# Help me with my bangs please



## x___downtown (Sep 7, 2006)

okay so i'm getting my haircut again soon and the bangs are the most important part of it.. they make me look so, so so much better. they are so long now so i don't know what to do with them.

anyway, they are just kind of.. thin, i mean they have random spaces in them and they get like oily really easily and get so small or whatever. i just want nice thick bangs in a good style that stays in place.. here is what they look like:

http://i4.photobucket.com/albums/y10...y/c17fe0a4.jpg

http://i4.photobucket.com/albums/y10...y/cccee6f5.jpg

http://i4.photobucket.com/albums/y10...y/48fccdba.jpg

http://i4.photobucket.com/albums/y10...y/3f14ea91.jpg

and then i want hairstyles like these below, where the guy has thick full bangs with hardly any spaces.. just fall down over the face so nicely.

http://www.ukhairdressers.com/style/...=Paul%20Gordon

http://www.ukhairdressers.com/style/...r%20Associates

http://www.ukhairdressers.com/style/...yl1=Essensuals

how do I do that? straighten &amp; hairspray to make them stay in place, but what about the icky spaces and thin-ish part of them? please tell me how to turn my bangs into the best they can be.


----------



## snowp14 (Sep 8, 2006)

Just get them cut again. Go to the place you originally went to that gave you those nice thick bangs. Once they start growing in and getting too long, they just get flat and thin like you said.


----------



## 4getmeNot (Sep 10, 2006)

I agree with Snow. You might try kinda curling them under and spraying them a little. I can tell you have naturally fine thin hair like me, and that's what I usually do to give them a little bounce.


----------



## Dragonfly (Sep 16, 2006)

I noticed two things. The after pictures showed colour was added to the model's hair. Colouring/highlighting hair will make it swell out a bit and look thicker.

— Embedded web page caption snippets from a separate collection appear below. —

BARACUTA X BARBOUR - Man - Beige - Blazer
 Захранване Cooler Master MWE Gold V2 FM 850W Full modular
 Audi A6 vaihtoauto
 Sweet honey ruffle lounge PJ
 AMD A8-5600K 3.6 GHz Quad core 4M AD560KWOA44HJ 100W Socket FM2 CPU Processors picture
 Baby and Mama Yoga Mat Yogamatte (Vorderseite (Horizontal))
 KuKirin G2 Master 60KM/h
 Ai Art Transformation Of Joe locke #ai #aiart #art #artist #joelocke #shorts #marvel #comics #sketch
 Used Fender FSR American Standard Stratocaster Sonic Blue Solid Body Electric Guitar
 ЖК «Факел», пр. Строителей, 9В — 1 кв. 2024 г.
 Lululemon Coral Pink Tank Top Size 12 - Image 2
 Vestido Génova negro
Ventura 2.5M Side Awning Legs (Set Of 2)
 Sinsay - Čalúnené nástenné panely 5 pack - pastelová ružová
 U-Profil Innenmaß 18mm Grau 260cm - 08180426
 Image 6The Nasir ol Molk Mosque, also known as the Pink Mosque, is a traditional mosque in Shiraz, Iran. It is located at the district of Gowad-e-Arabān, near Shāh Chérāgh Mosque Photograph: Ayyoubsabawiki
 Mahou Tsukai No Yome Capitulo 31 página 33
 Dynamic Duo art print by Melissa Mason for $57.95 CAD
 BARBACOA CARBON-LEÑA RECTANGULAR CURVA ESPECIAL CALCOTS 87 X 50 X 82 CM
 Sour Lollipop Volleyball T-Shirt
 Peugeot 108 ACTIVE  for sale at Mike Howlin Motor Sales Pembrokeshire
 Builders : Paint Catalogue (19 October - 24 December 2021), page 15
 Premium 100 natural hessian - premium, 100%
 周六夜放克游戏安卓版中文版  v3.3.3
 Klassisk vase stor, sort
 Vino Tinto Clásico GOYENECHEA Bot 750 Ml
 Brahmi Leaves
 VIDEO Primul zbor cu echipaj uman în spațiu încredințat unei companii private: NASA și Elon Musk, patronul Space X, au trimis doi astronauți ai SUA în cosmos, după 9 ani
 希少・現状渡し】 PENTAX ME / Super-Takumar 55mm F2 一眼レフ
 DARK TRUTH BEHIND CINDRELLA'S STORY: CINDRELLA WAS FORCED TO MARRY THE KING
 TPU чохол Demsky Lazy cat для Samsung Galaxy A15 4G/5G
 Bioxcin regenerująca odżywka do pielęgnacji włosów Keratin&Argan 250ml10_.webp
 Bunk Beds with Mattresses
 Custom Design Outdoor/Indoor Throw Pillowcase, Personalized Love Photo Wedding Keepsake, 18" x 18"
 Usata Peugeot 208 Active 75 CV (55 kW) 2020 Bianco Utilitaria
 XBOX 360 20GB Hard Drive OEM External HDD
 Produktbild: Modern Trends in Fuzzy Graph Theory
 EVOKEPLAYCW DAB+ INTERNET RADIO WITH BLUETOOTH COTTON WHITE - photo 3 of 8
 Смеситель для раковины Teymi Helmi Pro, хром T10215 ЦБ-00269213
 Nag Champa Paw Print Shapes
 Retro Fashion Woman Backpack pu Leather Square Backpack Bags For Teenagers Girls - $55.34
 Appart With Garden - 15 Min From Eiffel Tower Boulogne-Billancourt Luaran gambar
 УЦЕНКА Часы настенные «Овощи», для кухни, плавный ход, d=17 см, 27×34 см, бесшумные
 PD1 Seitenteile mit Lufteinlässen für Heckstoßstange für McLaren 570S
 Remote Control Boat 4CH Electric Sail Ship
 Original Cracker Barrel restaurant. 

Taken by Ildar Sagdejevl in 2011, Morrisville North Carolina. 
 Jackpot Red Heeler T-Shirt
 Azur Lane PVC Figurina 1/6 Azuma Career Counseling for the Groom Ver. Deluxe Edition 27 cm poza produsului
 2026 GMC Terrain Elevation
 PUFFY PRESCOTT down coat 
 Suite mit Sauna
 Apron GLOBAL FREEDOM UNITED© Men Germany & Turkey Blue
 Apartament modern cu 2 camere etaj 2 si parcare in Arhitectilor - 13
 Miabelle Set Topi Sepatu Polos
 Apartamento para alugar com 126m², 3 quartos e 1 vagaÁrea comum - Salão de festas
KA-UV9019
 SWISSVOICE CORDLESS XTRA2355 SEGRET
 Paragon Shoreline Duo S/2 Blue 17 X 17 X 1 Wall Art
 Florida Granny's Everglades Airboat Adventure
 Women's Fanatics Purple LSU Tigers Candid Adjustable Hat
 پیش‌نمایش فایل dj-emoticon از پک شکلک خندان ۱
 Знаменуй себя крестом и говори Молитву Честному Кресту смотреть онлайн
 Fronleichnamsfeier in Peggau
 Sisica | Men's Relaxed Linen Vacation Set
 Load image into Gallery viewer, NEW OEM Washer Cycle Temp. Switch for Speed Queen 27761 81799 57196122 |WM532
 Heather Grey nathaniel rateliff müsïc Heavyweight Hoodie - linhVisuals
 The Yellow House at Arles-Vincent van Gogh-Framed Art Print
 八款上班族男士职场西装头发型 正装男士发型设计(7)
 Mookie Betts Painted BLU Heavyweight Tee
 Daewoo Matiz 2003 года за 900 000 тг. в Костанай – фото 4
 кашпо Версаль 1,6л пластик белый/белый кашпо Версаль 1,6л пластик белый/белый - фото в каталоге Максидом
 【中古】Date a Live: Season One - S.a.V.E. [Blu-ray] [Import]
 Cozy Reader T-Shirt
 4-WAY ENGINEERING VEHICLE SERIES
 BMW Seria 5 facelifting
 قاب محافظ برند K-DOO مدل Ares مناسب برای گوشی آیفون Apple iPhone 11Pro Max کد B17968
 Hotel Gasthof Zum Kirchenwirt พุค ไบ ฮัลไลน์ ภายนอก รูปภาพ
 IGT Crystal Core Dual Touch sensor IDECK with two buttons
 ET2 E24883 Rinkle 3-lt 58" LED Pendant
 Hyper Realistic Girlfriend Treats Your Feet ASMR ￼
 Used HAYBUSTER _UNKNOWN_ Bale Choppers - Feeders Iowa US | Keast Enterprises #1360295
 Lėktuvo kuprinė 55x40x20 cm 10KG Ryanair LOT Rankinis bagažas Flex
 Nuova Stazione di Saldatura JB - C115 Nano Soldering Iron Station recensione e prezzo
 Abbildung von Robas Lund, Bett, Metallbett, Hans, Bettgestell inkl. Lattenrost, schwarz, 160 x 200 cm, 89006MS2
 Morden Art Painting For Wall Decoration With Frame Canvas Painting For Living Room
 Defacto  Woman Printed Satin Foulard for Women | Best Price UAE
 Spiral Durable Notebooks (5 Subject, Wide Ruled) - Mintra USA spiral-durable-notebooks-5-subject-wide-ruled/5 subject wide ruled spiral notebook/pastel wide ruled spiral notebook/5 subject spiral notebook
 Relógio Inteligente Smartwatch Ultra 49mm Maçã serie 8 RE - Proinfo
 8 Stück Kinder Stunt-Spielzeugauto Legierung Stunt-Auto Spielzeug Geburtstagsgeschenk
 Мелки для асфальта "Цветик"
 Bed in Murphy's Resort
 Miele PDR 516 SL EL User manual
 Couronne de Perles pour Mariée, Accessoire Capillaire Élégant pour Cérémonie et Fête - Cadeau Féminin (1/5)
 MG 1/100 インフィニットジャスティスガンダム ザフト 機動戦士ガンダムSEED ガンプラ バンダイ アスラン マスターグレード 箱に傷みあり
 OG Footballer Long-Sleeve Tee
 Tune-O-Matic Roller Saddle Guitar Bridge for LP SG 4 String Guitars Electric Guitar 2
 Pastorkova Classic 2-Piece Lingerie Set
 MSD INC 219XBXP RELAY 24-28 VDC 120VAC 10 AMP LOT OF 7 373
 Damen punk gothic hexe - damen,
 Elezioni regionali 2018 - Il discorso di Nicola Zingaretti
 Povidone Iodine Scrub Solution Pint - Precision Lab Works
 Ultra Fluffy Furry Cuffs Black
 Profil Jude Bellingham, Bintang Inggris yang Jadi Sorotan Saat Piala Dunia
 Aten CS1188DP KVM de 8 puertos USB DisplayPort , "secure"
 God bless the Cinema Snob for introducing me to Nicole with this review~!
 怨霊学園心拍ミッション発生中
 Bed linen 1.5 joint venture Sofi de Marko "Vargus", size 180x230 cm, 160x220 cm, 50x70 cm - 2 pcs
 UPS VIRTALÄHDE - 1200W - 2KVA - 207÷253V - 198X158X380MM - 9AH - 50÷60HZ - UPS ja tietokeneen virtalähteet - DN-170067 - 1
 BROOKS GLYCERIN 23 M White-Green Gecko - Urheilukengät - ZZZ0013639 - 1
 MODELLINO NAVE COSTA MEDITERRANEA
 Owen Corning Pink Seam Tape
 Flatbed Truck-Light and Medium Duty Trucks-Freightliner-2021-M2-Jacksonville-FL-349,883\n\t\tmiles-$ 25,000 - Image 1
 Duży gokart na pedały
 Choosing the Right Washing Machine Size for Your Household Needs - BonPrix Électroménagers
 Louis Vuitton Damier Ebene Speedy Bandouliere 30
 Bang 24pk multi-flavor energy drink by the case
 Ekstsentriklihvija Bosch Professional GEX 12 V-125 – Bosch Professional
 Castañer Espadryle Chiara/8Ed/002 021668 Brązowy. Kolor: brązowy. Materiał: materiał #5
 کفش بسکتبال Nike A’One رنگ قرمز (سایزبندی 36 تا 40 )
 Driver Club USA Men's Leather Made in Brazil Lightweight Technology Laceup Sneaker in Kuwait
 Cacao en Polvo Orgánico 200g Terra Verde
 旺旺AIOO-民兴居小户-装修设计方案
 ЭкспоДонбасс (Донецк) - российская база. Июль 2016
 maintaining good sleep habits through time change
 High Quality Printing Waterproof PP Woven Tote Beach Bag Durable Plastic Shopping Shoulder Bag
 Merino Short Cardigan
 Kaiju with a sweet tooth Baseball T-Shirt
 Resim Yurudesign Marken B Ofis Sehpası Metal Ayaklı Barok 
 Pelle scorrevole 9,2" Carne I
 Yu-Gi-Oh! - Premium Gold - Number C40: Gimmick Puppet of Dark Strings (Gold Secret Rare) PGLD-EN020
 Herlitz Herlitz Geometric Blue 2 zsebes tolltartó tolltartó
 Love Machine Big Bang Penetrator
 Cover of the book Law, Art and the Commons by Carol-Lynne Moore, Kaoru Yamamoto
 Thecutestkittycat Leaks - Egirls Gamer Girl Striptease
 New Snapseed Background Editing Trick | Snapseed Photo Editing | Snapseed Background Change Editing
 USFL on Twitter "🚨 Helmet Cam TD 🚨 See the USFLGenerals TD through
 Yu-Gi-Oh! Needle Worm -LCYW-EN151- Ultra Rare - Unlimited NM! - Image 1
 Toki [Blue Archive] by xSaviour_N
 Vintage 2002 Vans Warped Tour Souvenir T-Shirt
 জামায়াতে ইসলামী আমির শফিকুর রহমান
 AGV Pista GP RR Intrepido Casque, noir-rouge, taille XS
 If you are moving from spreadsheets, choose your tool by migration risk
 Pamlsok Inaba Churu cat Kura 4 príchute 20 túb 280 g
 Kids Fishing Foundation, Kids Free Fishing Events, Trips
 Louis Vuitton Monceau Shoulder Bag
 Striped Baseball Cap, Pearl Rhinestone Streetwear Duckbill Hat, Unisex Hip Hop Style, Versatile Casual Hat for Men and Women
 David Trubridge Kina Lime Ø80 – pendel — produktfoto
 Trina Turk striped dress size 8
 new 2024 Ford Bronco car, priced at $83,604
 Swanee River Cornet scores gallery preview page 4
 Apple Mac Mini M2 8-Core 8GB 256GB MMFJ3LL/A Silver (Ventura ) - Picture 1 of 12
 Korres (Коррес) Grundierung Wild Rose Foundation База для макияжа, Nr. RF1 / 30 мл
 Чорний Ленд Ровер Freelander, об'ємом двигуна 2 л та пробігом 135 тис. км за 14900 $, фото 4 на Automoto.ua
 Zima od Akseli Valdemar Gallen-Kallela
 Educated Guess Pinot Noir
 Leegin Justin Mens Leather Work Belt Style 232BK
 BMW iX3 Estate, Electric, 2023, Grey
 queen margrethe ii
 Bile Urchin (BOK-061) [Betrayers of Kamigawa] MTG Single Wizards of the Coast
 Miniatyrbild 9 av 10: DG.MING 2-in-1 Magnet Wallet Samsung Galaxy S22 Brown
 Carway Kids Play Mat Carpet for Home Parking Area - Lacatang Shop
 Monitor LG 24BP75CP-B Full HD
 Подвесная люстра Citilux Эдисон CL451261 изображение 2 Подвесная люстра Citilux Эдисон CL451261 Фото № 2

Also, the model's bangs look like they started further back on their heads.

So it appears they have more bangs. I have bangs as well and I know it can be frustrating to get them to look just right. Best of luck.


----------



## luxotika (Sep 16, 2006)

Originally Posted by *cyw1* /img/forum/go_quote.gif I noticed two things. The after pictures showed colour was added to the model's hair. Colouring/highlighting hair will make it swell out a bit and look thicker.Also, the model's bangs look like they started further back on their heads.

So it appears they have more bangs. I have bangs as well and I know it can be frustrating to get them to look just right. Best of luck.

I agree! Have the stylist cut them dry and really pull them to the side of your head while they cut them.


----------